As far as water as a fundamental human right (under Article 9 of the Constitution) is concerned, consumers are not only suffering from water supply issues but also from the issues associated with its quality and maintenance of filtration plants. Resultantly, a UNICEF report said 50 percent of diseases in Pakistan are water-borne and 40 percent of deaths occur due to poor quality of water. To cater to the supply issue, consumers have to bear the additional expense of purchasing water tankers (Rs. 800 per water tanker (public) and Rs. 2200 to 2500 per water tanker (private)) whereas, to cater to the issue of water quality, consumers have to rely on expensive mineral water. In this backdrop, consumers feel more frustrated when they are bombarded with indirect taxes, unprecedented price hike and increased utility bills. The Federal Board of Revenue (FBR) reporting 23 percent less income tax returns for fiscal year 2020 compared with the preceding year, which is also one of the manifestations of consumers’ dissatisfaction.
In order to strengthen consumers, it is mandatory to institutionalize them and make them the centre of public policy. The first consumer rights protection law was enacted in 1995. Despite having legislation for the last 25 years, the government has yet to come up with a robust legal and institutional mechanism to redress consumer-related grievances and to protect their rights. Although Article 9 protects consumer rights, it seems missing from political manifestos. Thus, there is a dire need to have regulations along with enforcement mechanisms such as inspection departments operating across country for accountability and delivery of services.

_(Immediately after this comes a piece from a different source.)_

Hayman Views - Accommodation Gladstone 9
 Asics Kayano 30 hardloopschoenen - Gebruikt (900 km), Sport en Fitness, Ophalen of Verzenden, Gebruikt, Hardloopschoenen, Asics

Moreover, to avoid false labeling and advertisement, it should be made obligatory for advertisers to get their TV/social media advertisements approved by the Competition Commission of Pakistan (CCP) and the products must carry clear disclaimers which consumers may easily understand. Consumers’ lack of information regarding the power of invoice is also one of the reasons behind their miserable state. They either forget to collect the invoice or throw that in the trash-bin right after shopping. It is important for consumers to remember that they cannot take legal action against a seller without an invoice.